Task goal: Return every record in full. Match each one exactly.

(Extracted records)
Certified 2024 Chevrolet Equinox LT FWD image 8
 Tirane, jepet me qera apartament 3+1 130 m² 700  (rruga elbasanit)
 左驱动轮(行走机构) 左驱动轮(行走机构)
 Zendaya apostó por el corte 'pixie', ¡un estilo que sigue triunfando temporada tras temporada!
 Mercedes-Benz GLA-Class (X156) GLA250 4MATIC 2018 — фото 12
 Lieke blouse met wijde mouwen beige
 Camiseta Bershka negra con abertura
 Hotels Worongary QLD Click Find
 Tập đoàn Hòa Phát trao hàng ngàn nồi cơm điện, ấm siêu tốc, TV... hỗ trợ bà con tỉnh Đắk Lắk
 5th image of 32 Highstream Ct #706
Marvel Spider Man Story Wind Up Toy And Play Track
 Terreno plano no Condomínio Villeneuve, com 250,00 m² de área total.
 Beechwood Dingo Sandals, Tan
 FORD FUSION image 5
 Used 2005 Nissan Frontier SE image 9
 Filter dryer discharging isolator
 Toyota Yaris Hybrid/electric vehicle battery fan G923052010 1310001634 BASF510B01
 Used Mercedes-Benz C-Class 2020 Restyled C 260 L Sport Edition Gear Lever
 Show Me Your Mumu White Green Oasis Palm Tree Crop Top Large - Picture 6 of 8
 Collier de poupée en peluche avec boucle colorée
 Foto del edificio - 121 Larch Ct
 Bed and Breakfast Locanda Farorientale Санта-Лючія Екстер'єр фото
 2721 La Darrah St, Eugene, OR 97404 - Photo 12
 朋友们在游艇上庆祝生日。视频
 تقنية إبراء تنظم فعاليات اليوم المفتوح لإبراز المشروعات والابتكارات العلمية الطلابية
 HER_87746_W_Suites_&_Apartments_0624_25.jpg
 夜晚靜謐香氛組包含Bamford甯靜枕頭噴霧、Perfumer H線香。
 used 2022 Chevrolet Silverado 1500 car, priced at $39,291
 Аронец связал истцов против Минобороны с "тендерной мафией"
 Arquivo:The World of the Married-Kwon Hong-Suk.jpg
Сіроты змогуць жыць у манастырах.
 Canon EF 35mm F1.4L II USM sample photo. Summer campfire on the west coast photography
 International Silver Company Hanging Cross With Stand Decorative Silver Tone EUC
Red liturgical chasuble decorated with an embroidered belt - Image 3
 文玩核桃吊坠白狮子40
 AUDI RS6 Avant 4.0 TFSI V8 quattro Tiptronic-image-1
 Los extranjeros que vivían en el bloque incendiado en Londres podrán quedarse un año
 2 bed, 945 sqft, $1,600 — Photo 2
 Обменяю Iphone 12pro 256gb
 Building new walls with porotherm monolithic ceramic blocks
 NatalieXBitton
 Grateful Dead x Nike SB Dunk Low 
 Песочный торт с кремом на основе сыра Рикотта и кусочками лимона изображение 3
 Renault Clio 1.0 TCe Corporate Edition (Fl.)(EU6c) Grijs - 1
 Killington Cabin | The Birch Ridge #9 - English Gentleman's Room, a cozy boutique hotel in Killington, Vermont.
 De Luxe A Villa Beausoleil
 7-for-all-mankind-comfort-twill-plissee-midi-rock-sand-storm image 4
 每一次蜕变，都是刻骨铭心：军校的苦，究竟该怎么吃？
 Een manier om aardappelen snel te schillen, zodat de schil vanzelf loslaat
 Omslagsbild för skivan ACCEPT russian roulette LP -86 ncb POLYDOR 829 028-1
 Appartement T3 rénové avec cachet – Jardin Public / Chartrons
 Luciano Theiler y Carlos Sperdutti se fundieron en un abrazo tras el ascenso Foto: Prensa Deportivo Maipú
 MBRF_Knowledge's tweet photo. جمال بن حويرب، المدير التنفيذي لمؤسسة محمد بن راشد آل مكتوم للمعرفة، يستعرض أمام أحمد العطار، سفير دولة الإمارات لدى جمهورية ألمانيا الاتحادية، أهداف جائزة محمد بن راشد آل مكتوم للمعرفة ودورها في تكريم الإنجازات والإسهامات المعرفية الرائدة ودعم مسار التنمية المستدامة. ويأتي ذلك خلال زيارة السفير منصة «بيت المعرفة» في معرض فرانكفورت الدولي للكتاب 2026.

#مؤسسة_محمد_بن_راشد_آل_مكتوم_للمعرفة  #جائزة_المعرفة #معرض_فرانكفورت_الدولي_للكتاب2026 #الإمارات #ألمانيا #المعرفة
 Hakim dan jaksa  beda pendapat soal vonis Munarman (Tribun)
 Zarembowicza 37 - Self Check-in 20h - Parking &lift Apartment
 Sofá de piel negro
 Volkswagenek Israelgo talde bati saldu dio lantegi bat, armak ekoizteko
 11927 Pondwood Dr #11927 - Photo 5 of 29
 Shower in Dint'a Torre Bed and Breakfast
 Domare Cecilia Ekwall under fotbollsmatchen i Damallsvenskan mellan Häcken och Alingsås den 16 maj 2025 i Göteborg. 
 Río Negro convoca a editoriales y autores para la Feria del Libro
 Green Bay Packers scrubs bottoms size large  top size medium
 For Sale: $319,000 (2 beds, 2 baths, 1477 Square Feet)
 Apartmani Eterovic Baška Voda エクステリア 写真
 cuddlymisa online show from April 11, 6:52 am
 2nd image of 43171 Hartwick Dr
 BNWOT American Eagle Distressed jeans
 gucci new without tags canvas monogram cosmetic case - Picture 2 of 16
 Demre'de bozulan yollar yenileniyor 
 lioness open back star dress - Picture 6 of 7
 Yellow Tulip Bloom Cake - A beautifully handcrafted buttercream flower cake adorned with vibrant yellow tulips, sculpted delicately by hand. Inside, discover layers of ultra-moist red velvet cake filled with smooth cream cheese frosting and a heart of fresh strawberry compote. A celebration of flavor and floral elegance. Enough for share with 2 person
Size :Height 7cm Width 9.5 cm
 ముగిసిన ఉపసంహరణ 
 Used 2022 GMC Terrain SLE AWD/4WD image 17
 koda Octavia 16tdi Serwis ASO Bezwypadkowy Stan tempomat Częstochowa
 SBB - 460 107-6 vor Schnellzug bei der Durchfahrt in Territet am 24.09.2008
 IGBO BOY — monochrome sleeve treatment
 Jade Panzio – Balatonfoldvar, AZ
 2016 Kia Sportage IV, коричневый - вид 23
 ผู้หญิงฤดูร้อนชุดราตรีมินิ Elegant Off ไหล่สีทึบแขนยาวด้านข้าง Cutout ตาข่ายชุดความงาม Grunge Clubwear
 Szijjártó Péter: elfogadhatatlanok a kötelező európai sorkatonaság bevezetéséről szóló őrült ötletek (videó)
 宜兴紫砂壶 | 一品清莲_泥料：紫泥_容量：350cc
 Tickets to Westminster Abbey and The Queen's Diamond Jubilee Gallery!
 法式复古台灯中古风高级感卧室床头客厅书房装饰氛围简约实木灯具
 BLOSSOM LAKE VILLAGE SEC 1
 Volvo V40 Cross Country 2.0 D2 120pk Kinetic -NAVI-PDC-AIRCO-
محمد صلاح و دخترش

Answer section:
Certified 2024 Chevrolet Equinox LT FWD image 8
 Tirane, jepet me qera apartament 3+1 130 m² 700  (rruga elbasanit)
 左驱动轮(行走机构) 左驱动轮(行走机构)
 Zendaya apostó por el corte 'pixie', ¡un estilo que sigue triunfando temporada tras temporada!
 Mercedes-Benz GLA-Class (X156) GLA250 4MATIC 2018 — фото 12
 Lieke blouse met wijde mouwen beige
 Camiseta Bershka negra con abertura
 Hotels Worongary QLD Click Find
 Tập đoàn Hòa Phát trao hàng ngàn nồi cơm điện, ấm siêu tốc, TV... hỗ trợ bà con tỉnh Đắk Lắk
 5th image of 32 Highstream Ct #706
Marvel Spider Man Story Wind Up Toy And Play Track
 Terreno plano no Condomínio Villeneuve, com 250,00 m² de área total.
 Beechwood Dingo Sandals, Tan
 FORD FUSION image 5
 Used 2005 Nissan Frontier SE image 9
 Filter dryer discharging isolator
 Toyota Yaris Hybrid/electric vehicle battery fan G923052010 1310001634 BASF510B01
 Used Mercedes-Benz C-Class 2020 Restyled C 260 L Sport Edition Gear Lever
 Show Me Your Mumu White Green Oasis Palm Tree Crop Top Large - Picture 6 of 8
 Collier de poupée en peluche avec boucle colorée
 Foto del edificio - 121 Larch Ct
 Bed and Breakfast Locanda Farorientale Санта-Лючія Екстер'єр фото
 2721 La Darrah St, Eugene, OR 97404 - Photo 12
 朋友们在游艇上庆祝生日。视频
 تقنية إبراء تنظم فعاليات اليوم المفتوح لإبراز المشروعات والابتكارات العلمية الطلابية
 HER_87746_W_Suites_&_Apartments_0624_25.jpg
 夜晚靜謐香氛組包含Bamford甯靜枕頭噴霧、Perfumer H線香。
 used 2022 Chevrolet Silverado 1500 car, priced at $39,291
 Аронец связал истцов против Минобороны с "тендерной мафией"
 Arquivo:The World of the Married-Kwon Hong-Suk.jpg
Сіроты змогуць жыць у манастырах.
 Canon EF 35mm F1.4L II USM sample photo. Summer campfire on the west coast photography
 International Silver Company Hanging Cross With Stand Decorative Silver Tone EUC
Red liturgical chasuble decorated with an embroidered belt - Image 3
 文玩核桃吊坠白狮子40
 AUDI RS6 Avant 4.0 TFSI V8 quattro Tiptronic-image-1
 Los extranjeros que vivían en el bloque incendiado en Londres podrán quedarse un año
 2 bed, 945 sqft, $1,600 — Photo 2
 Обменяю Iphone 12pro 256gb
 Building new walls with porotherm monolithic ceramic blocks
 NatalieXBitton
 Grateful Dead x Nike SB Dunk Low 
 Песочный торт с кремом на основе сыра Рикотта и кусочками лимона изображение 3
 Renault Clio 1.0 TCe Corporate Edition (Fl.)(EU6c) Grijs - 1
 Killington Cabin | The Birch Ridge #9 - English Gentleman's Room, a cozy boutique hotel in Killington, Vermont.
 De Luxe A Villa Beausoleil
 7-for-all-mankind-comfort-twill-plissee-midi-rock-sand-storm image 4
 每一次蜕变，都是刻骨铭心：军校的苦，究竟该怎么吃？
 Een manier om aardappelen snel te schillen, zodat de schil vanzelf loslaat
 Omslagsbild för skivan ACCEPT russian roulette LP -86 ncb POLYDOR 829 028-1
 Appartement T3 rénové avec cachet – Jardin Public / Chartrons
 Luciano Theiler y Carlos Sperdutti se fundieron en un abrazo tras el ascenso Foto: Prensa Deportivo Maipú
 MBRF_Knowledge's tweet photo. جمال بن حويرب، المدير التنفيذي لمؤسسة محمد بن راشد آل مكتوم للمعرفة، يستعرض أمام أحمد العطار، سفير دولة الإمارات لدى جمهورية ألمانيا الاتحادية، أهداف جائزة محمد بن راشد آل مكتوم للمعرفة ودورها في تكريم الإنجازات والإسهامات المعرفية الرائدة ودعم مسار التنمية المستدامة. ويأتي ذلك خلال زيارة السفير منصة «بيت المعرفة» في معرض فرانكفورت الدولي للكتاب 2026.

#مؤسسة_محمد_بن_راشد_آل_مكتوم_للمعرفة  #جائزة_المعرفة #معرض_فرانكفورت_الدولي_للكتاب2026 #الإمارات #ألمانيا #المعرفة
 Hakim dan jaksa  beda pendapat soal vonis Munarman (Tribun)
 Zarembowicza 37 - Self Check-in 20h - Parking &lift Apartment
 Sofá de piel negro
 Volkswagenek Israelgo talde bati saldu dio lantegi bat, armak ekoizteko
 11927 Pondwood Dr #11927 - Photo 5 of 29
 Shower in Dint'a Torre Bed and Breakfast
 Domare Cecilia Ekwall under fotbollsmatchen i Damallsvenskan mellan Häcken och Alingsås den 16 maj 2025 i Göteborg. 
 Río Negro convoca a editoriales y autores para la Feria del Libro
 Green Bay Packers scrubs bottoms size large  top size medium
 For Sale: $319,000 (2 beds, 2 baths, 1477 Square Feet)
 Apartmani Eterovic Baška Voda エクステリア 写真
 cuddlymisa online show from April 11, 6:52 am
 2nd image of 43171 Hartwick Dr
 BNWOT American Eagle Distressed jeans
 gucci new without tags canvas monogram cosmetic case - Picture 2 of 16
 Demre'de bozulan yollar yenileniyor 
 lioness open back star dress - Picture 6 of 7
 Yellow Tulip Bloom Cake - A beautifully handcrafted buttercream flower cake adorned with vibrant yellow tulips, sculpted delicately by hand. Inside, discover layers of ultra-moist red velvet cake filled with smooth cream cheese frosting and a heart of fresh strawberry compote. A celebration of flavor and floral elegance. Enough for share with 2 person
Size :Height 7cm Width 9.5 cm
 ముగిసిన ఉపసంహరణ 
 Used 2022 GMC Terrain SLE AWD/4WD image 17
 koda Octavia 16tdi Serwis ASO Bezwypadkowy Stan tempomat Częstochowa
 SBB - 460 107-6 vor Schnellzug bei der Durchfahrt in Territet am 24.09.2008
 IGBO BOY — monochrome sleeve treatment
 Jade Panzio – Balatonfoldvar, AZ
 2016 Kia Sportage IV, коричневый - вид 23
 ผู้หญิงฤดูร้อนชุดราตรีมินิ Elegant Off ไหล่สีทึบแขนยาวด้านข้าง Cutout ตาข่ายชุดความงาม Grunge Clubwear
 Szijjártó Péter: elfogadhatatlanok a kötelező európai sorkatonaság bevezetéséről szóló őrült ötletek (videó)
 宜兴紫砂壶 | 一品清莲_泥料：紫泥_容量：350cc
 Tickets to Westminster Abbey and The Queen's Diamond Jubilee Gallery!
 法式复古台灯中古风高级感卧室床头客厅书房装饰氛围简约实木灯具
 BLOSSOM LAKE VILLAGE SEC 1
 Volvo V40 Cross Country 2.0 D2 120pk Kinetic -NAVI-PDC-AIRCO-
محمد صلاح و دخترش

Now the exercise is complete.